The best way to start is by figuring out "user stories" (or "use cases" -- but the "story" approach tends to really work great and start dragging shareholder into the shared storytelling...!-); on top of that, designing the database schema as the best-normalized idea you can find to satisfy all data layer needs of the user stories.
Thirdly, you may sketch layers such as views on top of the schema; fourthly, and optionally, triggers and stored procedures that might live in the DB to ensure consistency and ease of use for higher layers (but, no matter how strongly DBAs will push you towards those, don't accept their assurances that they're a MUST: they aren't -- if your storage layer is well designed in terms of normalization and maybe useful views on top, non-storage-layer functionality CAN always reside elsewhere, it's an issue of convenience and performance, NOT logical consistency, completeness, correctness).
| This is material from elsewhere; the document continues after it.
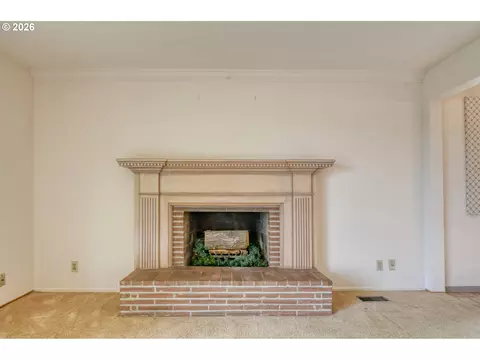 Living - 615 SW Isaac Ln, Pendleton, OR 97801 photo 5 of 8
I think the business layer and user-experience layers should come after. I realize that's a controversial position, but my point is that the user stories (and implied business-rules that come with them) have ALREADY told you a LOT about the business and user layers -- so, "nailing down" (relatively speaking -- agility and "embrace change!" should always rule;-) the data storage layer is the next order of business, and refining ("drilling down") the higher layers can and should come after.
When you get to the database layer you'll want to handle the database access via stored procedures. This will help give you additional protection against SQL Injection attacks, and make it much easier to push logic changes to the database layer.
If it's mostly users interacting with data, you can design using a form perspective.
What forms are needed for user input?
What forms are needed for output reports?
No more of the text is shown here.